Актер, игравший Достоевского, был выше среднего роста, худощав, костист, длиннонос, лысоват, его длинные жидкие волосы, разметавшись, прилипали к просторному потному лбу, лицо искажалось мимическими движениями, голос был тускл, но звучен. Актер, игравший то ли двойника Достоевского, то ли современного читателя, которому приспичило вывести Федора Михайловича на чистую воду из мутного залива невытесненных либидоизных ассоциаций, был также выше среднего роста, худощав, если не принимать во внимание небольшое брюшко, совершенно неестественное, будто привязанное, и нос имел гоголевский, веки верхние набухшие, салтыков-щедринские, и жидкие волосы, разметавшиеся по просторному потному лбу, производили сильное неизгладимое впечатление кипучих внутренних переживаний.
Достоевский, держа перед близорукими глазами текст, двигался туда-сюда возле стола и говорил:
— Однажды на каторге мне приснилась огромная желтая луна на востоке... она страшно раскололась на три части... они стали расходиться на стороны, а затем сошлись... Я спрашивал у многих, что это означает, и никто не мог мне ответить...
Партнер Достоевского ужасно засмеялся, громко и язвительно, так что у Пономарева метнулись по спине мурашки, затем подбежал к Достоевскому и закричал ему в лицо:
— Вы не знаете, почему луна раскололась, не знаете!? Так я вам скажу! Что было начертано на луне, когда её расколотые части сошлись!? Помните!? Две буквы — А и Д!
— Ад! — воскликнул Достоевский, хватаясь за голову, откидывая назад длинные жидкие волосы и раздувая ноздри, как олень перед битвой с соперником. — Ад!!
Пономарев склонился к Бонтецки и шепотом спросил:
— Чего он к нему привязывается? О чем они говорят?

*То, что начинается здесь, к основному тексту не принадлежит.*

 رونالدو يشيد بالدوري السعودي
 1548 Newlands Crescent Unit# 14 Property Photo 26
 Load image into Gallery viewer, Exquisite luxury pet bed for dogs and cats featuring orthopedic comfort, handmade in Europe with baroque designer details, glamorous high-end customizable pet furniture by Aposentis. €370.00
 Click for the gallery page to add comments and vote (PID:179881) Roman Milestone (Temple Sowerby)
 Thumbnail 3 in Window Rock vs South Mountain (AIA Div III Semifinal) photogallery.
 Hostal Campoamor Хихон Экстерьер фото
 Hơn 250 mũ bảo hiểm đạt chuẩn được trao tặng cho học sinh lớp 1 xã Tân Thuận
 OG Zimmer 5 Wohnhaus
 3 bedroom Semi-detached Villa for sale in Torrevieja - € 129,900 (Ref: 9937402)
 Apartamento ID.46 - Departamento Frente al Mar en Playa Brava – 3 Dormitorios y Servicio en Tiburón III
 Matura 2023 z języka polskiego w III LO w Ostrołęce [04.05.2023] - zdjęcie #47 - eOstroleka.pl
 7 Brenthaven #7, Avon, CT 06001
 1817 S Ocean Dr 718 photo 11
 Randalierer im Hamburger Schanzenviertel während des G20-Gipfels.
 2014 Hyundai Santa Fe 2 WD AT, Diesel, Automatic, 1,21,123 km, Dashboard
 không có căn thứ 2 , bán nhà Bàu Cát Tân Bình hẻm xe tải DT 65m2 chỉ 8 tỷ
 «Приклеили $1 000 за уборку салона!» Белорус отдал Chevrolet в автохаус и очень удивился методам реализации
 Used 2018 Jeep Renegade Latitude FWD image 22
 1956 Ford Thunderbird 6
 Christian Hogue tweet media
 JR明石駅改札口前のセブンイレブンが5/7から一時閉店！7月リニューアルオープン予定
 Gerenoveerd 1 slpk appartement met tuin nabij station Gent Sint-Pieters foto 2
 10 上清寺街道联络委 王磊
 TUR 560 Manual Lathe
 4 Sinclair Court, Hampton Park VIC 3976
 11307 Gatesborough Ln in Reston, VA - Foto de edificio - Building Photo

— Сидите и слушайте, может, поймете что-нибудь, — отвечал Бонтецки. Театр — это публичная сплетня о человеке, а сплетня — это страсть проникнуть в чужую жизнь. Вот и пытается зацепить его. Достать.
— А этот, второй, будет ещё смеяться? Мне нравится его смех.
— Конечно, будет, но по-другому.
— А вы помните, где вы старушку убили? — закричал партнер.
Булатов, до того сидевший за крохотным круглым черным столиком на трех витых тоненьких ножках и напряженно наблюдавший сцену, вдруг вскочил со стула, дернулся вперед:
— Не так! не так! Намного тише нужно это произносить. Тихо, с нарастающим напряжением. Пригнись и загляни снизу в лицо Федора Михайловича! Вот! вот! А теперь ещё раз!
Актер подошел и, заглядывая снизу в сумрачное, раздираемое сомнениями и страданием, лицо Достоевского, спросил зловеще:
— А вы помните, где вы старушку убили?
— Скажите, — снова тихо спросил Пономарев, — а он действительно убил старушку?
— Да, — коротко выдохнул Бонтецки. — Топором. Преступление века.
— Какой ужас, — только и мог вымолвить Пономарев. — Теперь я понимаю: луна на каторге во сне — это символ головы, но почему она раскололась на три части? Ведь головы от топора раскалываются на две части?
— Э, тут тоже символика, — рассмеялся Бонтецки. — Третья часть — это символ расколотой души самого Достоевского.
— Понятно, — согласился Пономарев. — Но зачем топором? Он мог это сделать поделикатнее. Старушка не медведь, зачем топор?
— Какой вы, право! Это русская традиция. Когда-то передовые люди звали Русь к топору. Вот Федор Михайлович и послушался.
— Ясно, — обмяк Пономарев. — А как же cherchez la femme?